I myself am not nearly so evolved and so I find numerous ways to use that word in my everyday language. Potentially because I am whinier than some.

I chatted with my cousin in LA last night and she expressed how much LA felt like home to her. Even after all the stress and struggles of moving to a new place she still felt like LA was the right place for her to build a life. Maybe it takes time (she’s been there 7+ years now), but I have yet to feel like a particular place gave me a sense of belonging. Also, I’ve yet to live longer than a year or two in one place so that probably doesn’t help matters much.

It seemed so logical to my cousin to ditch everything and start over in a strange new city, but for me it feels like I’ve dropped from a plane without a parachute and am subsequently unable to get my bearings. What is up? What is down? Am I floating? Or am I falling?

I tapped my IG app this morning and stumbled upon @rocamoons announcement that they would be moving their family to New Zealand for a 4-5 month adventure. She herself is a kiwi, but she, her husband, and kid have been living in Hawaii for many years. When asked about her plans she indicated that no plans had been firmed up, but that they intended to stay some with family members and that they would be bringing their tent. Did I forget to mention that she’s also 7 months pregnant? She said that it’s important to her that this baby be born in NZ. What energy these people must have! And such a spirit of adventure!

On top of that, a friend I met in Hawaii last year decided to fulfill her dream of living and studying in Ireland. So she hopped up and moved to Ireland! HOW? Also, just found out that my cousin and his wife and kid are still in Scotland because he “wanted to finish his PhD there”. HOW?

How do these people get the guts to do these things? How do they figure out the steps?

Meanwhile I’m over here sweating about how I am going to get residency in a new state in a timely manner. Or where I’m going to live. Or where I am going to work.
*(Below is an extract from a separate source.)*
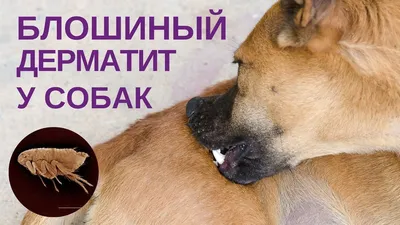 Блошиный дерматит собак (56 фото) - картинки sobakovod.club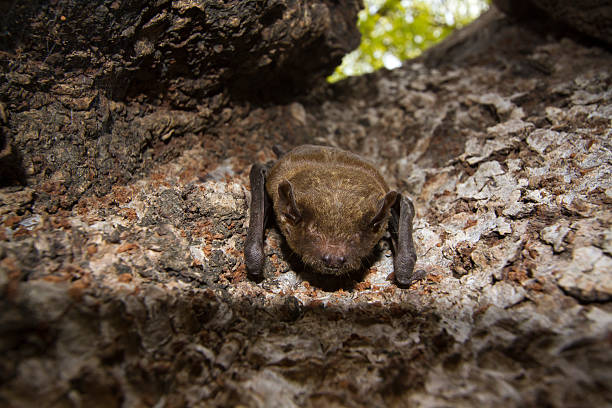 istock lesser Asiatic yellow bat in Bardia, Nepal 468554406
@rocamoons explicitly stated that she and her husband Max were moving so that they could “do more living”. If what you’re doing ever day on your IG isn’t living then I am in serious trouble, haha. Because I must have the most unlived life ever!

In other news my sister has decided against attending a university in the new town where I am moving which means I won’t know a single soul there. I support her decision fully, but still… How FRUSTRATING!